Le Bruit du Givre
Ce qui déclenche cette histoire est la demande d’Alice à Samuel Darko de lui faire un enfant. Alice, qui n’est pas qu’un célèbre prénom de petite fille, se fait étape, passage par ses questions de femme et de couple. Ne pouvant faire franchir cette étape, ne pouvant trouver une réponse essentielle, Alice quitte Samuel qui sombre dans la dépression.
Le problème de Darko, c’est une vision du monde noire, stasique, et circulaire.
Et c’est encore Alice, la femme passage, désormais enceinte d’un autre, qui l’invite à la revoir, où elle se trouve, de l’autre coté du monde sans réflexion. Elle le mène au monde, l’invite au voyage, à franchir les distances, et l’immerge dans le temps linéaire.
Histoire de regards toujours, Samuel, qui avec son amie Dana se regardaient sans se toucher, rencontre, saisit et s’implique.
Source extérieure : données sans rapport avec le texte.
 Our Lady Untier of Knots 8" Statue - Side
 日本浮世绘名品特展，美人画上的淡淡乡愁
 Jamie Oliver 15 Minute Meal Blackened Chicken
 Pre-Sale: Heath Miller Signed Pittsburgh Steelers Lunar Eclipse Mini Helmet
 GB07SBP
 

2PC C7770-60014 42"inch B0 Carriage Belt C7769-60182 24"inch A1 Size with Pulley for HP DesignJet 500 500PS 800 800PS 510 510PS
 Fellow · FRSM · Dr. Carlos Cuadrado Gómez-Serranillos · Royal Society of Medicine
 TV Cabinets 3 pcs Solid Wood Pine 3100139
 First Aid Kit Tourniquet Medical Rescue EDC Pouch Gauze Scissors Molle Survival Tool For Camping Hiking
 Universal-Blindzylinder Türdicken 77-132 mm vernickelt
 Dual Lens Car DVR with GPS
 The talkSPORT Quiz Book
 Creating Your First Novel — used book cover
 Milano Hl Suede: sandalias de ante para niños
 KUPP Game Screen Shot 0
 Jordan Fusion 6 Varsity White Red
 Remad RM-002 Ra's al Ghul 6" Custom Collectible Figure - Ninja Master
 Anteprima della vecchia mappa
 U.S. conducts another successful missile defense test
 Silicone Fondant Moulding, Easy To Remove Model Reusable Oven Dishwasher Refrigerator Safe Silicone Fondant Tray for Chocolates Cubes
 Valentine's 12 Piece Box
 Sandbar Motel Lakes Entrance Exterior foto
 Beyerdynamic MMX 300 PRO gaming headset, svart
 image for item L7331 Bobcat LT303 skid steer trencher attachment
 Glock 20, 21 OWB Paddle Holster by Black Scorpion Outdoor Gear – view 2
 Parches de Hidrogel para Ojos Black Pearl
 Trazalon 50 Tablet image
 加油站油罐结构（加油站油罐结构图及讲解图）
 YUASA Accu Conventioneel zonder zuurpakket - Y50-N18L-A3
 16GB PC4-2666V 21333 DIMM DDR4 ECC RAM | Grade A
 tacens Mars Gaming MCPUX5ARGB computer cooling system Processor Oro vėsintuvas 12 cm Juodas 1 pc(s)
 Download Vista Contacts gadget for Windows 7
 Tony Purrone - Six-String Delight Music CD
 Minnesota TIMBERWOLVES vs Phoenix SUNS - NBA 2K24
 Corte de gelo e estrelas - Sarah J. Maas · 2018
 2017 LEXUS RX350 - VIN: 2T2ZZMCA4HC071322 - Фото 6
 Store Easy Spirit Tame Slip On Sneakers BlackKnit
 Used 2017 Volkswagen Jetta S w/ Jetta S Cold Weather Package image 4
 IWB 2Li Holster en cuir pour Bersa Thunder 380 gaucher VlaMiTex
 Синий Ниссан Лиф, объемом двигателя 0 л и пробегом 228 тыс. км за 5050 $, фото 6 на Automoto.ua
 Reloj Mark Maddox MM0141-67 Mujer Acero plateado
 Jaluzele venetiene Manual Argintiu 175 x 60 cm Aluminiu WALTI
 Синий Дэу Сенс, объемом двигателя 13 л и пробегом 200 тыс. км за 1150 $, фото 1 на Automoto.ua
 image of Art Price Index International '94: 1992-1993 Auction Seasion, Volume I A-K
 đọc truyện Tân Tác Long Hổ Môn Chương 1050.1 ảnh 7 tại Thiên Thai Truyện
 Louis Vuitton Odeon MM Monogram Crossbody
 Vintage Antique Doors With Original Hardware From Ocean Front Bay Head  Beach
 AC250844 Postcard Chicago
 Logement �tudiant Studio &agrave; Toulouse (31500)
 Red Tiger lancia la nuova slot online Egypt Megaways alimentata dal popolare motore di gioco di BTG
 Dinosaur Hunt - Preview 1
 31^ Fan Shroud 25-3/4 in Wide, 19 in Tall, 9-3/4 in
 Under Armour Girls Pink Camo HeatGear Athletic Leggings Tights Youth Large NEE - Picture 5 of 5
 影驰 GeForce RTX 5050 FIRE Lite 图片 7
Il s’y applique si bien, qu’il en perd la vue en ce faisant mordre par un feu de forêt (chaleur et lumière en excès). Perte heureusement momentanée, demandant uniquement soins et repos. A l’hôpital, le bandeau du pansement sur les yeux et le temps s’écoulant, il comprend qu’il ne voyait plus depuis bien longtemps.
Quand on lui retire le bandeau, le monde est littéralement en réinvention constante à ses yeux riches d’une acuité nouvelle.
En franchissant les distances qui l’ont séparé d’Alice, c’est le passé du monde, son présent, sa culture à tous les temps qui lui fournissent des réponses et le reconstruisent. Les retrouvailles avec Alice sont difficiles. Puis sans tensions, ni passion, leur relation devient amour fraternel.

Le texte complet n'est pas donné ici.